Le Shield, Daredevil, l’Agent Carter en série
En parallèle des films, Marvel a sorti à ce jour 3 séries pour boucher les trous laissés par l’intrigue principale, à la manière de « one-shot » ou d’arcs narratifs s’interessant à un personnage ou un groupe dans le contexte de l’arc général, servant de développement particuliers pour certains personnages. Agents of S.H.I.E.L.D. nous fait suivre l’agent Coulson (introduit dans Iron Man) et son équipe d’agents secrets pour traquer les méta-humains apparaissant autour du globe. Mettant un peu de temps à se mettre en place, la série ne manque pas de qualités pour autant, même si l’ambition espérée n’est pas toujours là.
Deuxième série mise en chantier, Agent Carter suit le personnage éponyme dans les années 50 et les débuts du S.H.E.I.L.D. Là aussi, beaucoup de qualités notamment en matière d’écriture et de personnages mais, du fait de sa situation temporelle (à l’époque de Captain America : First Avenger), son impact est malheureusement moindre.

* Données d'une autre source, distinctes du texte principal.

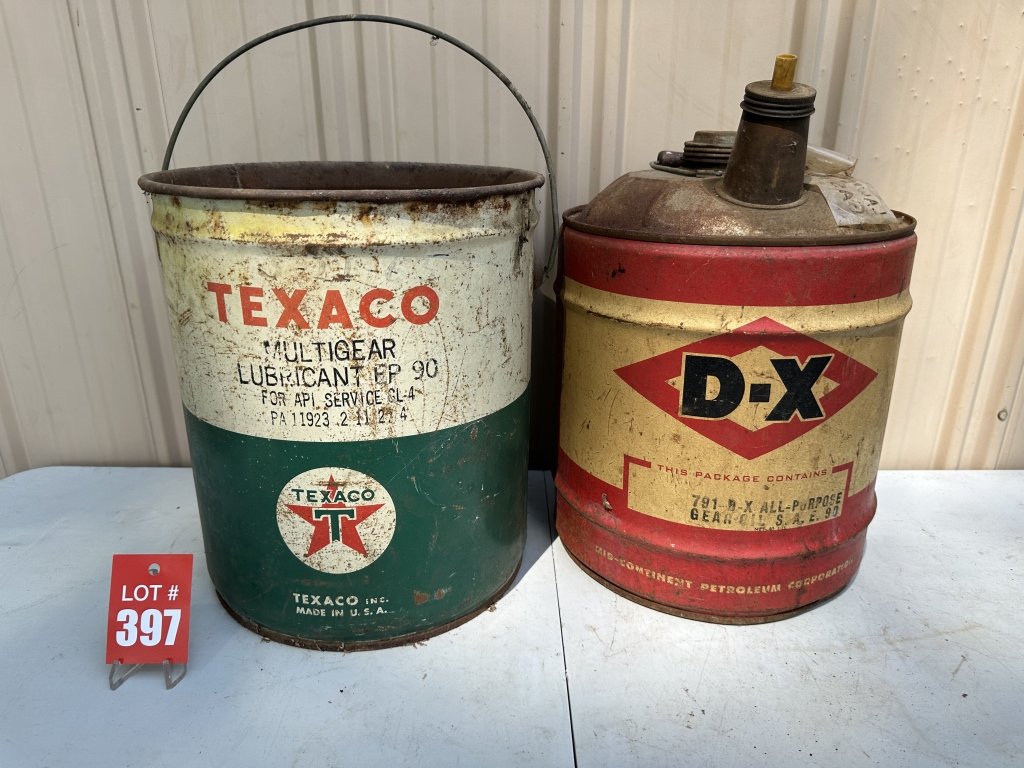 Property photo 2 - 2 DAY TIMED ONLINE ONLY PERSONAL PROPERTY AUCTION IN DEKALB COUNTY, INDIANA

Certes, ça permet d’expliquer l’Hydra, mais comme elle est démantelée quasiment au même moment dans le présent dans Avengers : l’Ere d’Ultron, la boucle est vite bouclée.
Dernière et non des moindres, réalisée en collaboration avec Netflix, Daredevil est une véritable bouffée d’air frais dans un milieu qui commence à sentir le renfermé. Sombre, violente, sans retenue aucune, les aventures du justicier aveugle la nuit et avocat le jour rend un vibrant hommage à l’Homme sans Peur et aux différents traitements qu’il a reçus au fil des ans (de Miller à Bendis). Complètement ancré dans le réel, jamais exagéré, le sentiment post-Gardiens de la Galaxie est de retour. Là non plus, pas de grande influence sur le MCU en vue (même si quelques références sont faites par-ci par-là à Avengers premier du nom), mais le traitement de la série montre que Marvel peut se salir les mains, et ça, c’est une bonne nouvelle.
Le temps Marvel c’est de l’argent
Malgré une augmentation quantitative avec l’ajout des séries, il est clair que le procédé s’essouffle un peu. Certes chaque épisode cinéma apporte sa pierre à l’édifice pour l’élaboration de l’univers, mais le temps allant, les contributions respectives tendent à devenir de plus en plus pauvres. Par exemple, Thor : le Monde des Ténèbres n’apporte rien de plus à la globalité du MCU que l’Ether (et encore, qu’il ait été choisi au passage pour légitimer le film à la dernière minute n’étonnerait pas le Cerveau). Iron Man 3, idem. Certains diront que ça conforte Stark dans son idée de renforcer la sécurité mondiale, ce qui a mené à Ultron, ce qui va mener à Civil War. Mais cela valait-il l’argent dépensé et le temps de visionnage nécessaire ? N’aurait-il pas mieux fallu suivre tout simplement l’exemple des Gardiens de la Galaxie qui a réussi à allier divertissement pur et grosse avancée dans l’histoire globale ?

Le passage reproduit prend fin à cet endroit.